La Langue de bois

Totalitarisme est très souvent associé à terreur. Or aujourd’hui, quand la terreur est en train de diminuer dans presque tous les pays du bloc communiste (à l’exception de la Roumanie et de la Tchécoslovaquie), on commence à parler d’une phase post-totalitaire du monde communiste. En cette période de « restructuration » et de « nouvelle pensée », comme dit Gorbatchev, Il est plus nécessaire que jamais de comprendre la nature du totalitarisme …

par Françoise Thom — Éditorial de Désinformation Hebdo du 18 juin 1987 —

Un régime totalitaire veut dominer non seulement la personne de ses sujets mais aussi leur âme. Pour s’attaquer à l’intelligence, il dispose d’une arme inconnue des tyrannies classiques : la langue de bois.

Cet idiome nouveau résulte de la mutation de la langue au contact de l’idéologie marxiste-léniniste. En lui, les mots ne servent plus à signifier mais à étiqueter les hommes et les choses. La valeur s’y est substituée au sens. La langue de bois est un instrument aux mains du pouvoir communiste : elle lui sert à désigner l’ennemi et à contrôler l’allégeance des citoyens.

La langue de bois rend le pouvoir véritablement absolu car elle le diffuse dans la société, elle force chaque individu à le réfracter sur autrui.

Ce n’est pas une langue de propagande : la propagande pose la liberté de ceux dont on cherche à emporter l’adhésion. La langue de bois ne prétend pas convaincre ; elle est là pour occuper le terrain et surtout rappeler à chaque individu qu’il n’est rien, puisqu’à tous les instants de sa vie publique il doit arborer un discours qui n’est pas le sien.

Dr Françoise Thom - Photo © Joël-François Dumont

Par sa syntaxe et son vocabulaire, la langue de bois figure le déterminisme : décrivant les processus qui doivent immanquablement amener la victoire du socialisme à l’échelle mondiale, elle ne laisse aucune place à la liberté humaine ni à l’événement.

Les slogans adoptés sous Gorbatchev, comme celui de la « réactivation du facteur humain », ne montrent pas un recul du totalitarisme, mais une prise de conscience des dangers liés à la trop grande réussite de la langue de bois : la passivité des sujets n’est souhaitable que jusqu’à un certain point lorsqu’on nourrit des ambitions de grande puissance.
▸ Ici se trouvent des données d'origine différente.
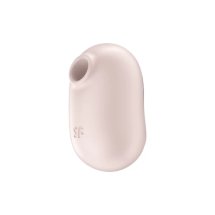 Satisfyer Pro To Go 2 – Kompaktowy model z podwójną pulsacją powietrza i wibracją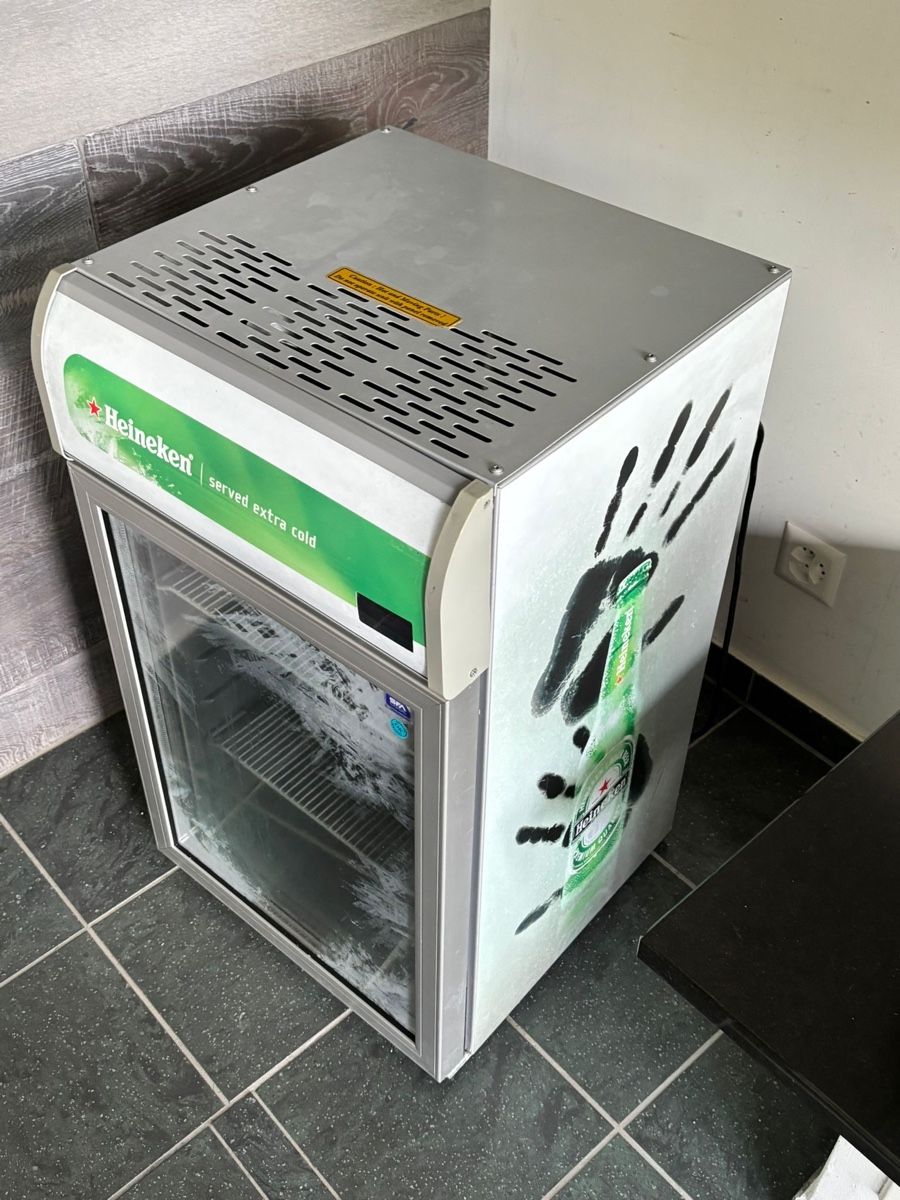 Frigoriferi: Heineken Minikühlschrank – Usato da Wängi venduto da NiSiGi 1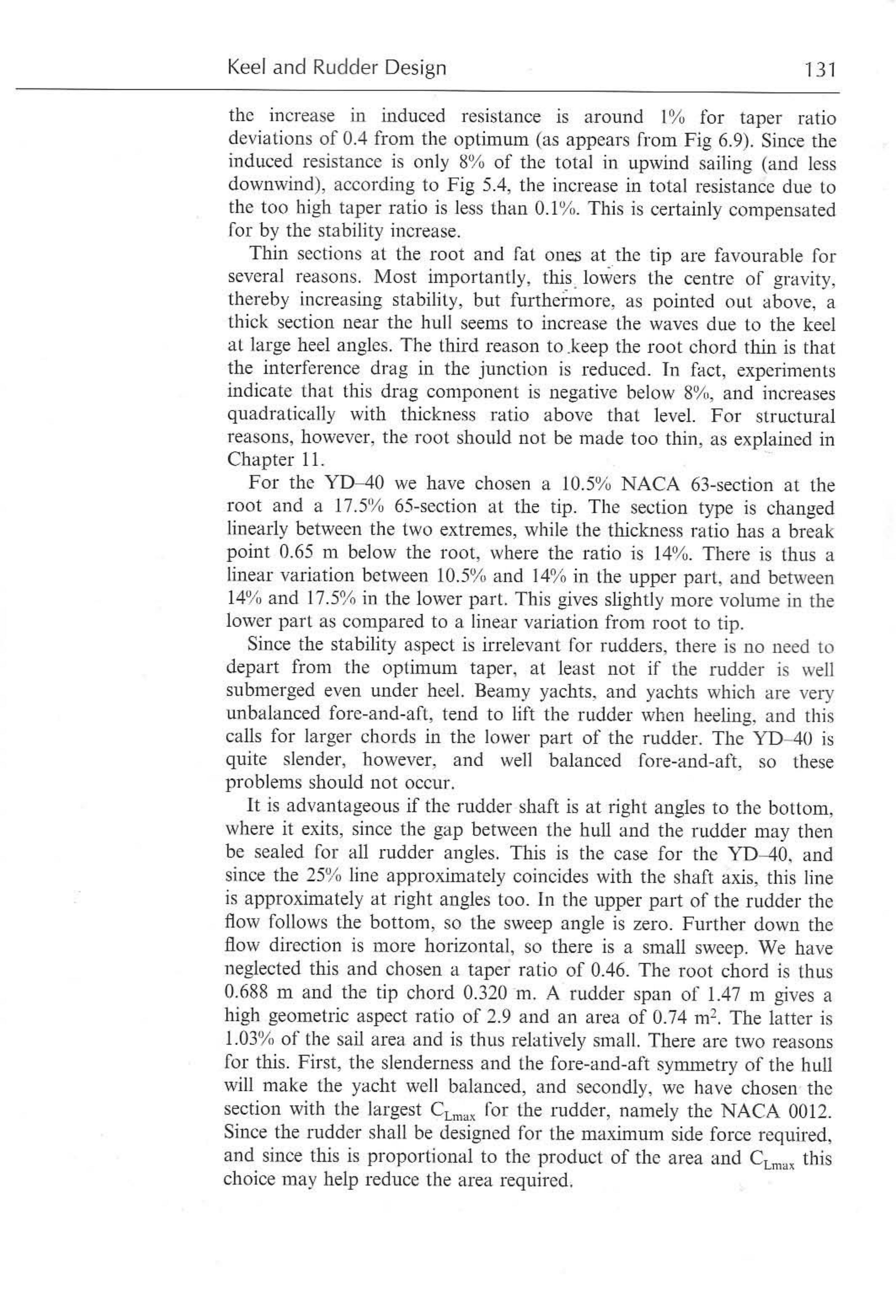 Principles of Yacht Design — страница 148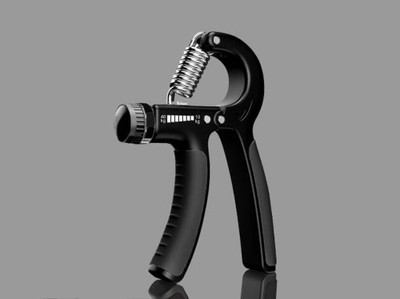 PINGA CB_E_564 Adjustable Spring Hand Grip 10-40 kg (Pack of Hand Grip/Fitness Grip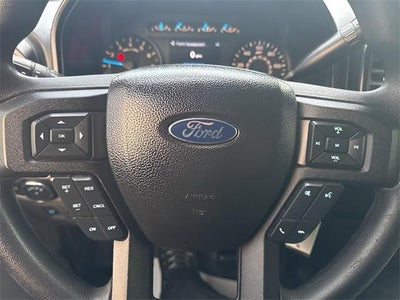 2016 Ford F-150 4WD SuperCab 6-1/2 Ft Box XL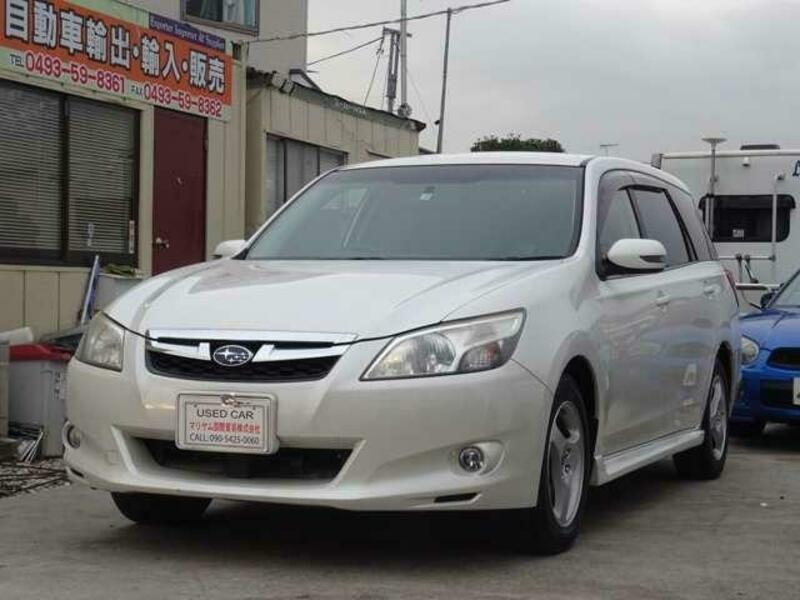 SUBARU EXIGA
Françoise Thom — Photo © JFD

Les leaders communistes ont fini par comprendre qu’un carré de liberté était indispensable si l’on voulait se doter d’une science moderne. D’où les éditions d’auteurs autrefois en disgrâce, les écarts bien calculés de la glasnost.

Ceci ne signifie nullement une renonciation à la langue de bois et le bel ensemble avec lequel le slogan de la «restructuration» est entonné en chœur dans le pays, sans que personne ne sache de quoi il s’agit au juste, prouve que la langue de bois n’a rien perdu de son emprise.